Isaïe l’avait annoncé 6 à 700 ans plus tôt et l’évangile de ce jour, nous donne de réentendre l’absurdité d’une violence déchaînée qui mène Jésus, le Serviteur, au tombeau. Ce récit a une dimension intemporelle et spectaculaire au point que nombre d’artistes l’ont retranscrit en musique, peinture, spectacle vivant, film ou sous d’autres formes, comme pour se défaire de la douleur qui assaille le croyant mais aussi chaque personne sensible, compatissante, pleinement humaine.

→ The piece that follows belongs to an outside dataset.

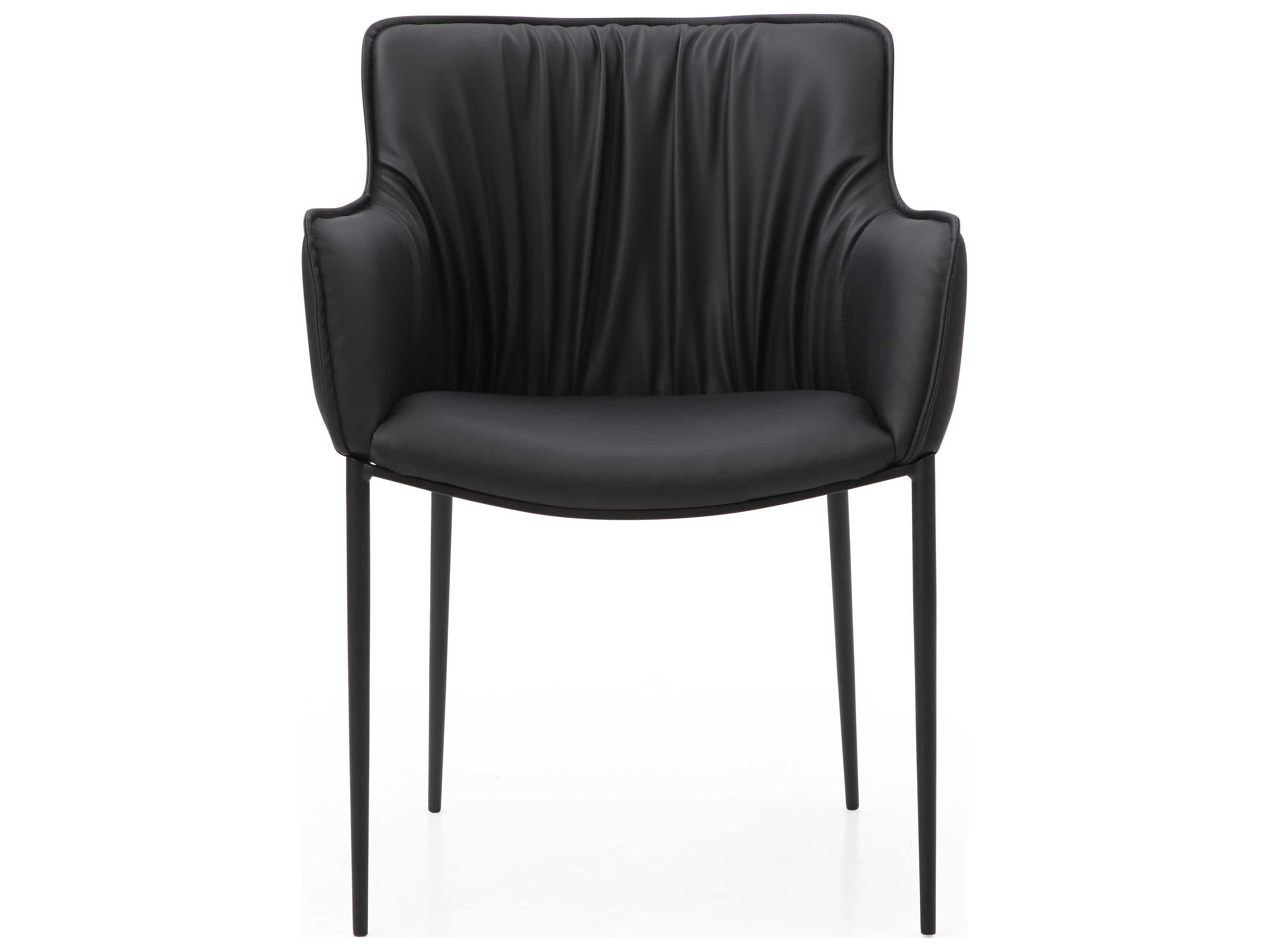 Whiteline Modern Living Tiffany Black Faux Leather Arm Dining Chair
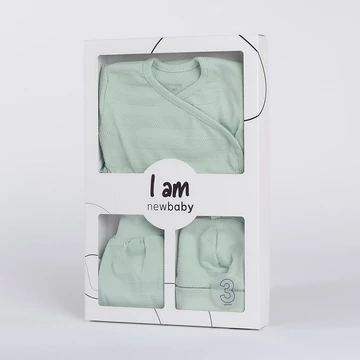 3-részes baba együttes újszülötteknek New Baby I AM menta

De retour à Jérusalem, Jésus est accueilli comme l’Envoyé, le Sauveur tant attendu. Il va ensuite prendre son dernier repas avec ses apôtres en leur confiant ses dernières instructions « vous devez vous laver les pieds les uns les autres » et « c’est un exemple que je vous ai donné ! » Puis éclate la tragédie : trahison, arrestation, jugement infâme avec son lot de marchandage entre juifs et romains, condamnation et l’apothéose de l’ignominie : la mise à mort sur une croix. Violence, mensonges, manipulations…tout s’enchaîne sans faille. C’en est presque irréel ! Pourtant il en meurt. À sa suite les apôtres vont, pratiquement tous, vivre des choses équivalentes. Intemporel car tant de femmes, d’hommes, d’enfants ont vécu, et vivent aujourd’hui encore, le même martyre : condamnés à tort pour leur couleur de peau, pour leur sexe, pour leurs actes d’humanité, leur religion, leurs pensées, leur foi en Christ ou plus simplement leur foi en la liberté, en la justice, en l’homme ! Malgré ces relectures annuelles, nous ne pouvons nous y habituer !
Je propose ce soir deux courtes méditations sur 2 paroles du Christ en croix.

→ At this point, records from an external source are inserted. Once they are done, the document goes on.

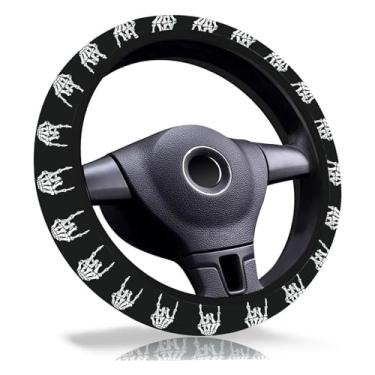 Imagem de Capa de volante de mão de esqueleto, capas de volante de neoprene respirável antiderrapante, acessórios de carro esqueleto e decoração de carro, presentes de caveira para mulheres, homens, universal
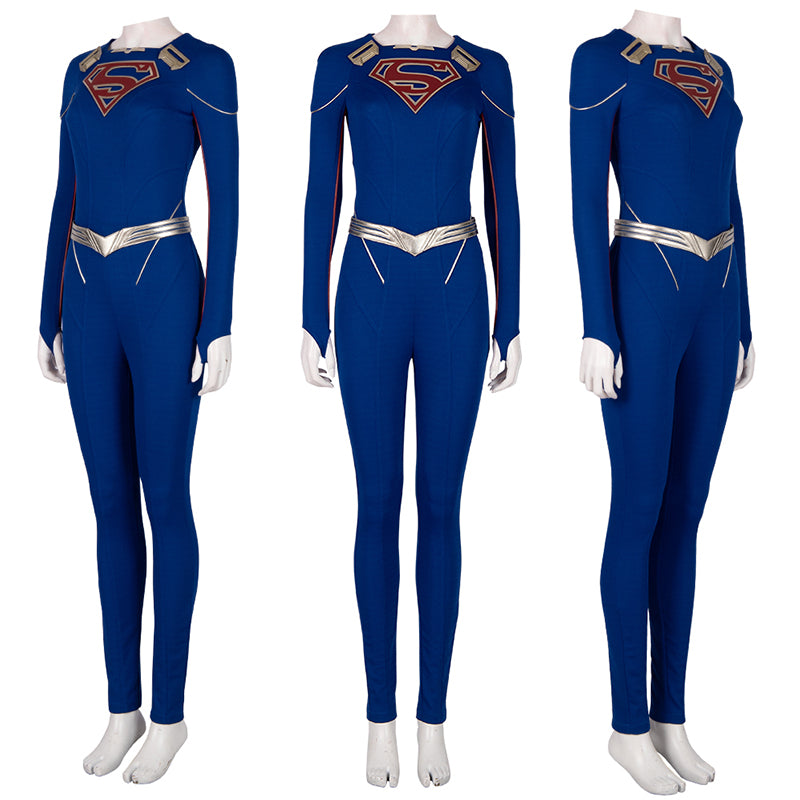 Supergirl Season 5 Kara Zor-El Cosplay Costume Superhero Jumpsuit With Cloak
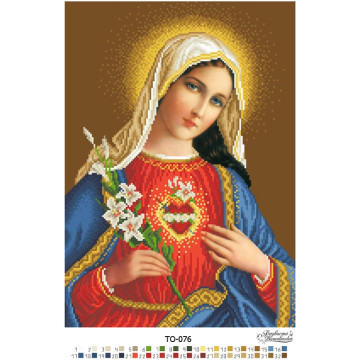 Схема картини Ікона Відкрите Серце Марії для вишивки бісером на тканині (ТО076пн3143)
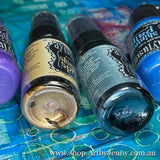 photo of Dylusions Shimmer Sprays by Dyan Reaveley showing Desert Sand and Balmy Night at Art by Jenny in Australia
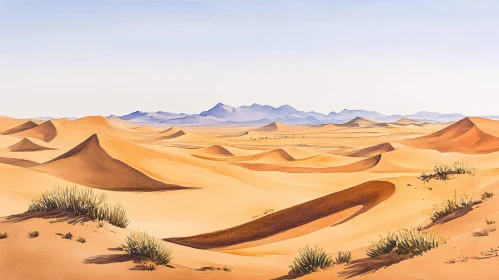 Vast Desert Dunes under a Clear Blue Sky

Jésus vient de vivre les pires outrages, la violence pure et quelle est sa prière ? « Père pardonne-leur ! » Si Jésus prie son Père de pardonner à ses bourreaux c’est que lui-même leur a déjà pardonné. Jésus sait pourquoi il est venu : pour sauver l’homme de son péché. S’il ne leur avait pas pardonné, il aurait ajouté du péché…
aux péchés de ses tortionnaires. Partout où il passait, il enseignait le pardon, aujourd’hui il l’incarne ! Et pour qu’il soit absolu et parfait, il prie son Père de le rejoindre sur ce sommet de Charité. Pour ma part, je ne peux pas dissocier cette demande à ce qu’il a laissé à ses apôtres la veille : « c’est un exemple que je vous ai donné ! ». Mon propre pardon n’est efficace que donné avec et par le Christ et il ne sera pleinement fécond que si je demande à Jésus de le porter, avec moi, au Père. « Père pardonne-leur ! »

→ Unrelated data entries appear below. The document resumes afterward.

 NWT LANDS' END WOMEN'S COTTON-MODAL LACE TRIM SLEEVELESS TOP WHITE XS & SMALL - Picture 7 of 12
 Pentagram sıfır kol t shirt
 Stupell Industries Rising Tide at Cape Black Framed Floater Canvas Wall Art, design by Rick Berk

Sur cette croix, Jésus sait que sa fin est proche. Encore conscient, il voit à ses pieds, sa mère, sa tante, son amie et l’apôtre proche de son cœur, présences tout aussi réconfortantes que bouleversantes. À sa mère, sans doute veuve, il confie le plus jeune de ses apôtres, Jean. À ce tout jeune homme, il confie celle qui l’a porté, mis au monde, élevé pour faire de Lui un homme pur et doux : « Femme, voici ton fils, fils, voici ta mère ». Jésus se dépouille encore un peu plus ! Il ne peut plus garder, pour lui seul, ses liens d’affection ou de parenté. Son Père, il en a déjà fait NOTRE Père, sa mère il en fait la mère de Jean et par là même notre mère à tous, son ami, il en fait son frère, notre frère.
Se dépouiller de ses liens pour que nous accueillons son Père comme notre propre père et que l’on se sache aimé de Lui. Sa mère comme notre mère pour que vivions en frères avec Lui, Jésus. Son ami comme notre frère pour que nous voyons en Jean, celui qui va nous mettre dans les pas du Christ, par sa vie auprès de Marie et par son Évangile.
« Tout est accompli ! » Et la Parole s’éteint. Le silence tombe sur le monde et ses habitants. Le lourd silence du tombeau va persister jusqu’au matin de Pâques, jusqu’au bruissement de la lumière de la résurrection. Mais, ce soir, devant cette croix, en silence, prions.